[Data entries]
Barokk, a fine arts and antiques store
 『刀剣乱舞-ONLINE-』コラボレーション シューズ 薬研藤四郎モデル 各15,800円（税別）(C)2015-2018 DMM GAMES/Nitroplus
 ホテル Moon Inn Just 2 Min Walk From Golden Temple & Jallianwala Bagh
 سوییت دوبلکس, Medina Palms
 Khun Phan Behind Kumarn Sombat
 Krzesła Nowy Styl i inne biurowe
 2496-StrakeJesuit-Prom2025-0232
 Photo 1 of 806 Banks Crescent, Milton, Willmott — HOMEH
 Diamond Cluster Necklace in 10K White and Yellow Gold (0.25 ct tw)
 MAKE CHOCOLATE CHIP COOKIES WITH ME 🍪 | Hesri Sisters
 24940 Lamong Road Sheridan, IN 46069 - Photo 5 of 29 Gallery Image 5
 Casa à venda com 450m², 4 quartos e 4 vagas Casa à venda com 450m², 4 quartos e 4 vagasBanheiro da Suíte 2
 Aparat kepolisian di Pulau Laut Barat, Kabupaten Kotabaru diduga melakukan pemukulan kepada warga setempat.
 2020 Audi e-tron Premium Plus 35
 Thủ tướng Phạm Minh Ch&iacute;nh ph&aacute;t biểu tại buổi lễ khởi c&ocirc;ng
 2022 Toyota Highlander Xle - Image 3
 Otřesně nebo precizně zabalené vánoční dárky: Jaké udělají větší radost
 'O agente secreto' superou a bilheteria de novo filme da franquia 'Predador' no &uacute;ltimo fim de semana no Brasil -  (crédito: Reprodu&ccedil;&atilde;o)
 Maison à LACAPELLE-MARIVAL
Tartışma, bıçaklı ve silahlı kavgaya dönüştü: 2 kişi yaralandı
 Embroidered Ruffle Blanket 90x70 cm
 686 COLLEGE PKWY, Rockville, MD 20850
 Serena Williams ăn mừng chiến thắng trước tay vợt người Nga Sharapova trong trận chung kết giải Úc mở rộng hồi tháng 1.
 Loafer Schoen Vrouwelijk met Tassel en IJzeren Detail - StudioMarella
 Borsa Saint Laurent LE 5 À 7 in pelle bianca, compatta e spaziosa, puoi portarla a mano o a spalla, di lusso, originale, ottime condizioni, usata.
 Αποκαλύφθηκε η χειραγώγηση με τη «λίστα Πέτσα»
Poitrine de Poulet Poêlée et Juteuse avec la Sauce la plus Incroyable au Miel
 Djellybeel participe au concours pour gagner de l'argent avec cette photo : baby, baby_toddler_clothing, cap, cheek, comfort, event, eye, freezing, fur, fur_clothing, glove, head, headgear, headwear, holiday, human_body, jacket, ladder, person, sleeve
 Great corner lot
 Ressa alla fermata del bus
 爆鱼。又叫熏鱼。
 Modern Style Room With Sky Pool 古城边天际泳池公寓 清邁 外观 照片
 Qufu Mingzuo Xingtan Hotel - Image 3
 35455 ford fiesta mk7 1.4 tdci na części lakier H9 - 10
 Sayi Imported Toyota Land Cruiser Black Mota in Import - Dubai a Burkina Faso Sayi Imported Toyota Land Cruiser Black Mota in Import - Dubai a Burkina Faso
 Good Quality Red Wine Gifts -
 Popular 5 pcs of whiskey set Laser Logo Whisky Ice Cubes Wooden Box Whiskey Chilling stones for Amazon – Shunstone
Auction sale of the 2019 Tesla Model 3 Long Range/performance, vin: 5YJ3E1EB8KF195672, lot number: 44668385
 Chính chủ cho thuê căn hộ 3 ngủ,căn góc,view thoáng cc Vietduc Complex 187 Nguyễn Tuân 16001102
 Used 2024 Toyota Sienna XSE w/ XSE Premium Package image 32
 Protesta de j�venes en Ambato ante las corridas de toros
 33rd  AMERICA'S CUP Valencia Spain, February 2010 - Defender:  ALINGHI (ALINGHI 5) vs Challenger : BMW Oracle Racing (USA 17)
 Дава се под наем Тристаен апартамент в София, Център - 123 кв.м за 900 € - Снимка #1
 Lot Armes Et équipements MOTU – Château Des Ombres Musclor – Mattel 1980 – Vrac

### The problem
Working from the records above, write out verbatim only the lines from the line containing "各15,800円（税別）(C)2015-2018 DMM GAMES/Nitroplus" through the line containing "Diamond Cluster Necklace".

### Result for this exercise
 『刀剣乱舞-ONLINE-』コラボレーション シューズ 薬研藤四郎モデル 各15,800円（税別）(C)2015-2018 DMM GAMES/Nitroplus
 ホテル Moon Inn Just 2 Min Walk From Golden Temple & Jallianwala Bagh
 سوییت دوبلکس, Medina Palms
 Khun Phan Behind Kumarn Sombat
 Krzesła Nowy Styl i inne biurowe
 2496-StrakeJesuit-Prom2025-0232
 Photo 1 of 806 Banks Crescent, Milton, Willmott — HOMEH
 Diamond Cluster Necklace in 10K White and Yellow Gold (0.25 ct tw)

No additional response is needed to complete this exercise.